Entre os setores mais vulneráveis à corrupção apontados pelos advogados estão o da contratação pública, saúde, autarquias, setores regulados e serviços financeiros. Mas Rui Patrício sublinha que o fenómeno da corrupção é transversal a todos os setores. “A corrupção pode acontecer em qualquer lugar, não me parece que existam terrenos imunes ou terrenos privilegiados, e tende a acontecer especialmente naqueles onde as coisas são mais burocráticas, difíceis, entravadas, e por outro lado onde haja menos escrutínio eficaz“, assume.

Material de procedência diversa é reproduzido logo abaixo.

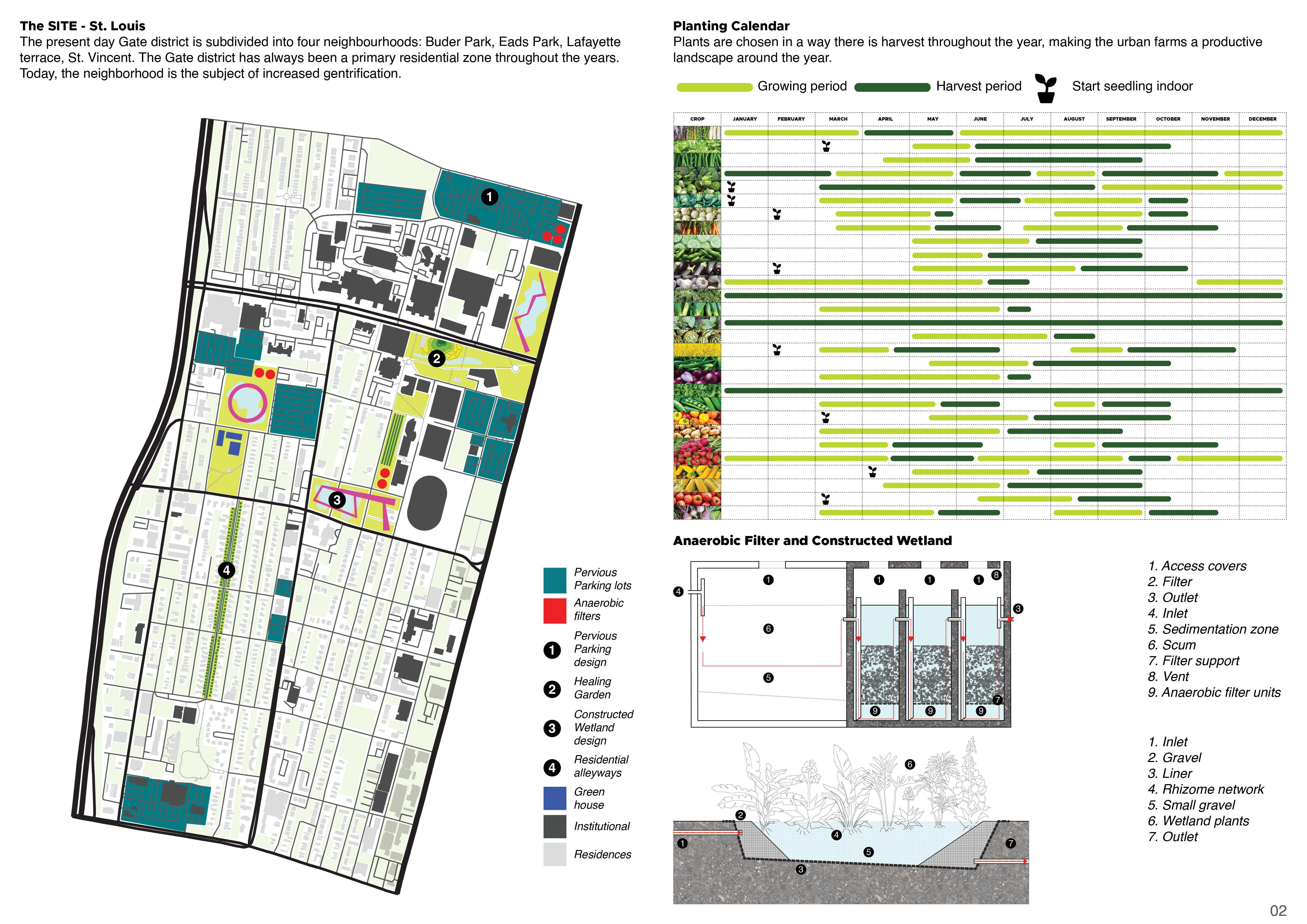 Landscape Portfolio-3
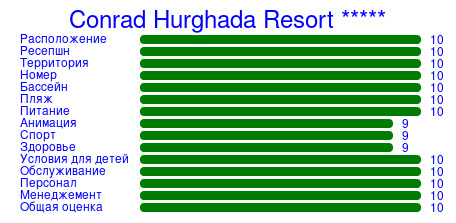 Рейтинг отеля Conrad Hurghada Resort *****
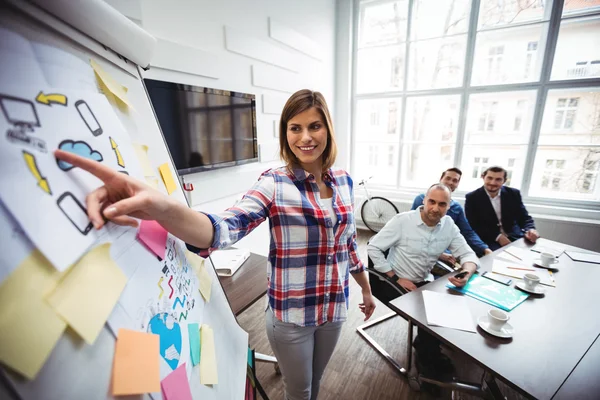 Zufriedene Geschäftsfrau bei der Präsentation — Stockfoto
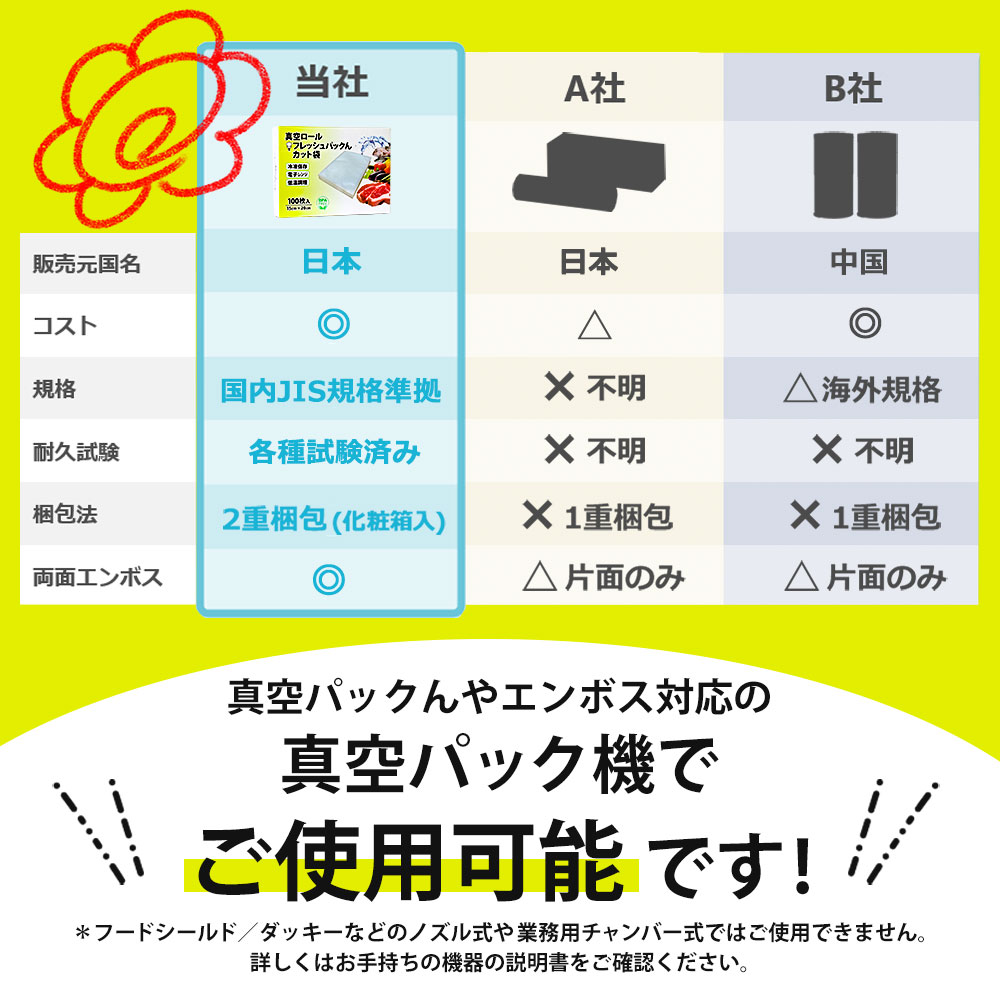 楽天市場】真空パック 袋 【15cm×20cm】【20cm×25cm】【28cm×35cm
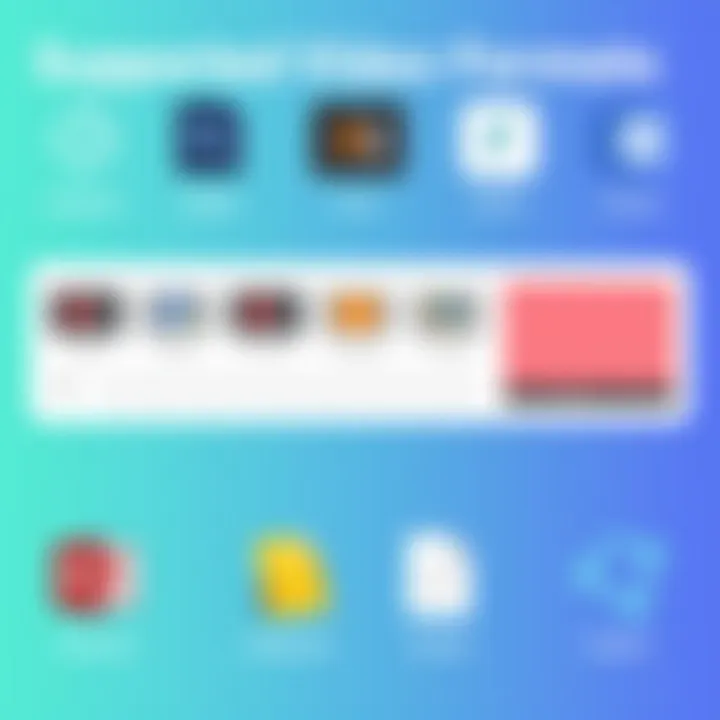 Supported Video Formats in Shotcut Variety of video formats supported by Shotcut.
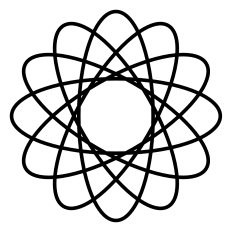 Looping Frame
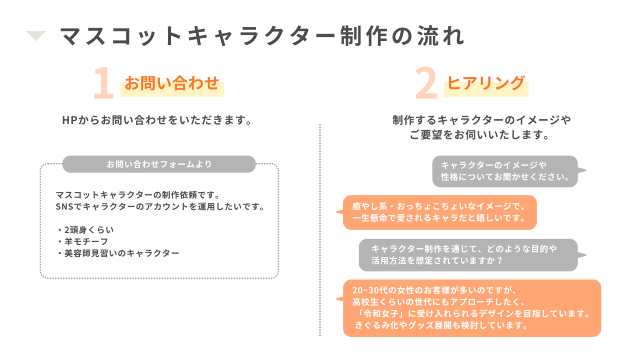 AUBE HAIRマスコットキャラクター制作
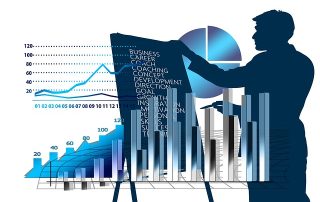 B2B Debt collection Cash Flow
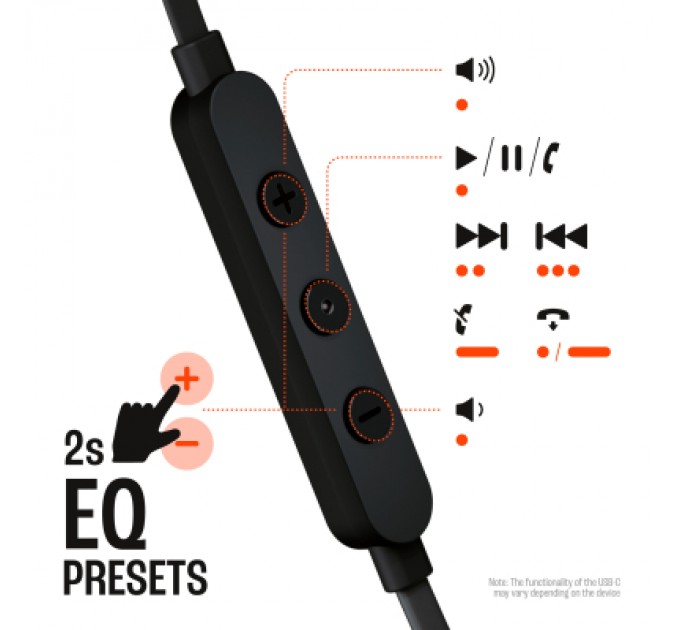 Навушники JBL Tune 310C USB-C Black (JBLT310CBLK)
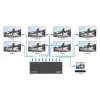 Manhattan 4K@60Hz 8-Port HDMI Splitter with Downscaling, Splits One HDMI Input to Eight HDMI Outputs (1x8), 18G, EDID Switch for Downscaling, Black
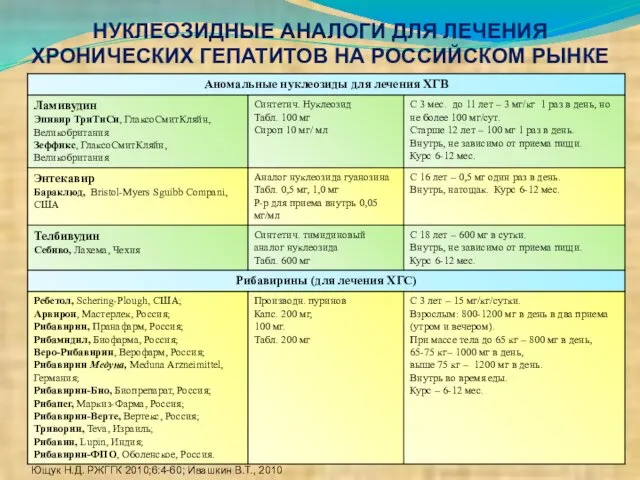 НУКЛЕОЗИДНЫЕ АНАЛОГИ ДЛЯ ЛЕЧЕНИЯ ХРОНИЧЕСКИХ ГЕПАТИТОВ НА РОССИЙСКОМ РЫНКЕ Ющук Н.Д. РЖГГК 2010;6:4-60; Ивашкин В.Т., 2010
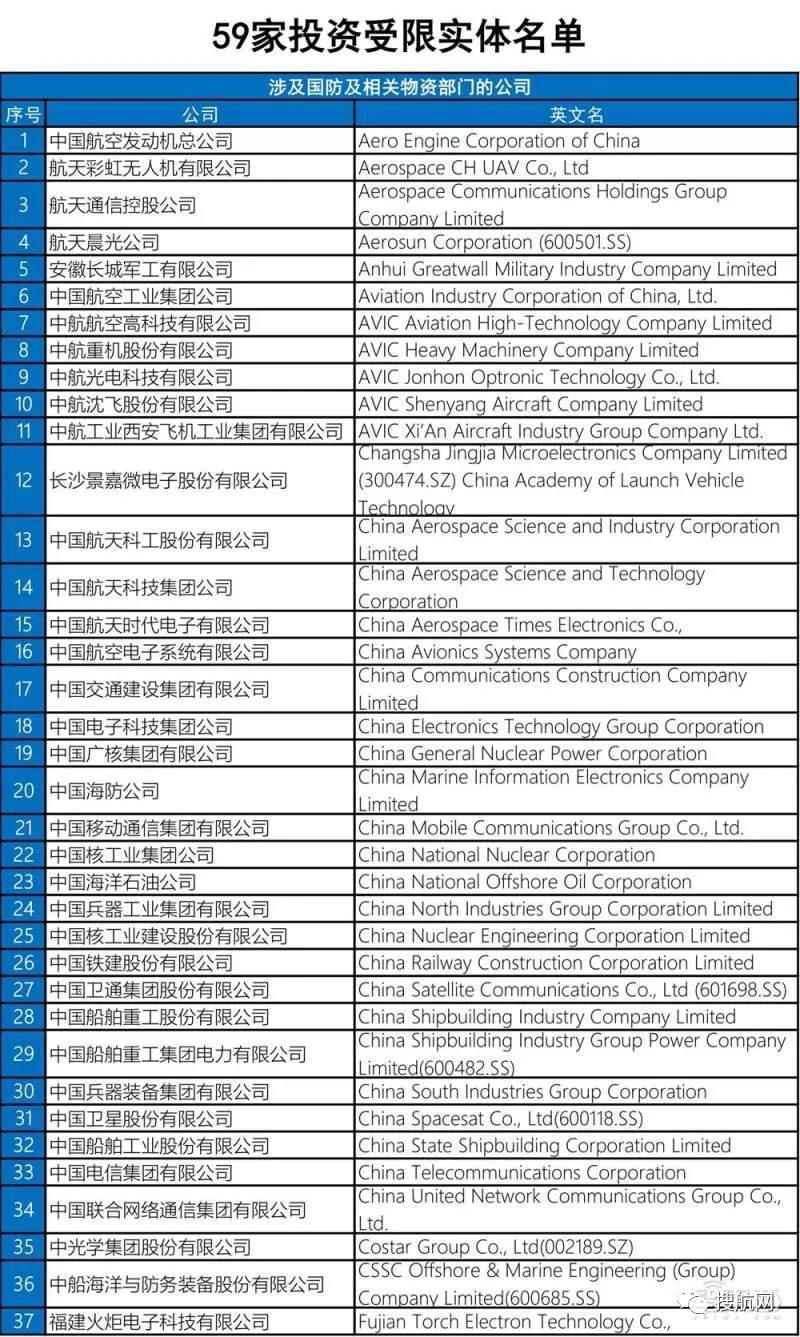 美国将59家中企列入投资“黑名单”；宣布向这6国征收报复性关税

Fase de inquérito é um problema

Vários são os pontos do processo penal que geram atrasos sistemáticos na justiça portuguesa, mas os advogados destacam um: a fase de inquérito. “Sem dúvida a duração dos inquéritos, não haja ilusões nem se queira tapar o sol com a peneira, e também – sobretudo quando os dois fenómenos se associam – o tamanho de alguns inquéritos, que são mastodônticos e alguns cheios de soberba e de ilusão de que se vai fazer história e/ou mudar o mundo”, aponta Rui Patrício.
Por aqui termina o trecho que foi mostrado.